# Your assignment
Under this line is a listing; return exactly the lines starting at the one with "Foto primer plano" and running down to the one with "Cervical Cancer: Stages, Types", and leave out its pictures.

━━ Data extract ━━

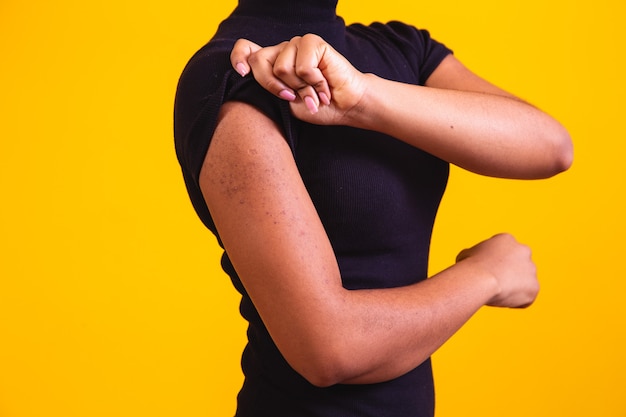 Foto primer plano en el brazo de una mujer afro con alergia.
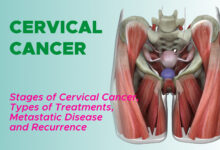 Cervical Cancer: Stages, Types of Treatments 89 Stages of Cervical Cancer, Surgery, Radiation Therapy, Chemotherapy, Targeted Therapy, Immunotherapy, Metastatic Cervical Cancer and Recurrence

━━━
━━ Data extract ━━

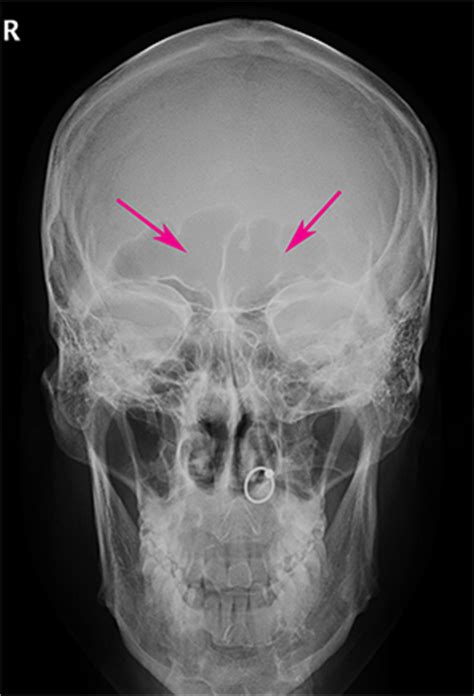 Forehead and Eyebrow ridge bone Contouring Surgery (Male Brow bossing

━━━

# Output for this exercise
 Foto primer plano en el brazo de una mujer afro con alergia.
 Cervical Cancer: Stages, Types of Treatments 89 Stages of Cervical Cancer, Surgery, Radiation Therapy, Chemotherapy, Targeted Therapy, Immunotherapy, Metastatic Cervical Cancer and Recurrence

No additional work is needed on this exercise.